* Supplied data:

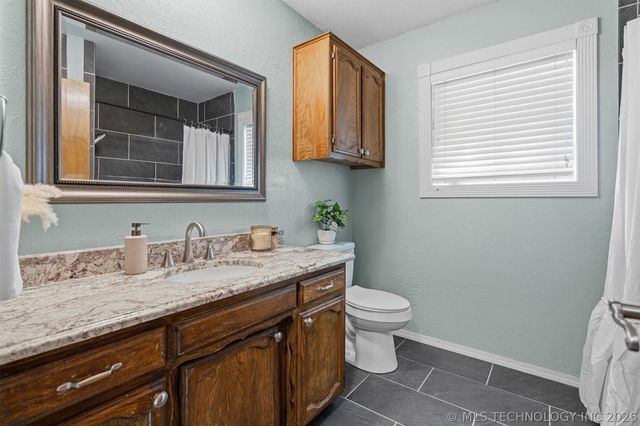 3133 Cardinal Drive, Ardmore, OK 73401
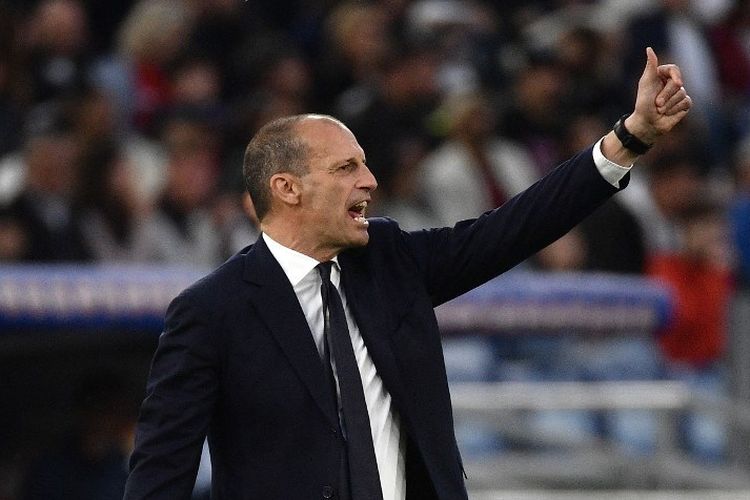 Massimiliano Allegri bereaksi dalam pertandingan sepak bola Serie A Liga Italia antara Lazio vs Juventus di Stadion Olimpico di Roma, pada 30 Maret 2024. Allegri diresmikan sebagai pelatih AC Milan pada Jumat, 30 Mei 2025. (Photo by Filippo MONTEFORTE / AFP)
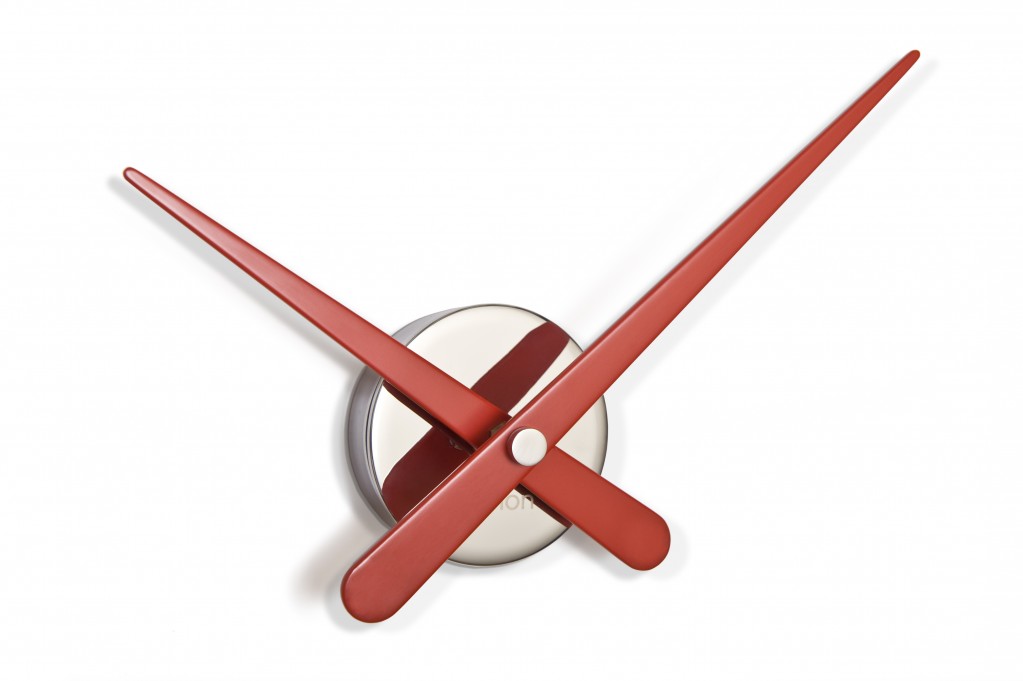 095684 Настенные часы Mini L хром-красный Nomon Axioma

* Instructions for the task:
Please repeat the listing precisely, excluding the pictures it contains.

* Task answer:
 3133 Cardinal Drive, Ardmore, OK 73401
 Massimiliano Allegri bereaksi dalam pertandingan sepak bola Serie A Liga Italia antara Lazio vs Juventus di Stadion Olimpico di Roma, pada 30 Maret 2024. Allegri diresmikan sebagai pelatih AC Milan pada Jumat, 30 Mei 2025. (Photo by Filippo MONTEFORTE / AFP)
 095684 Настенные часы Mini L хром-красный Nomon Axioma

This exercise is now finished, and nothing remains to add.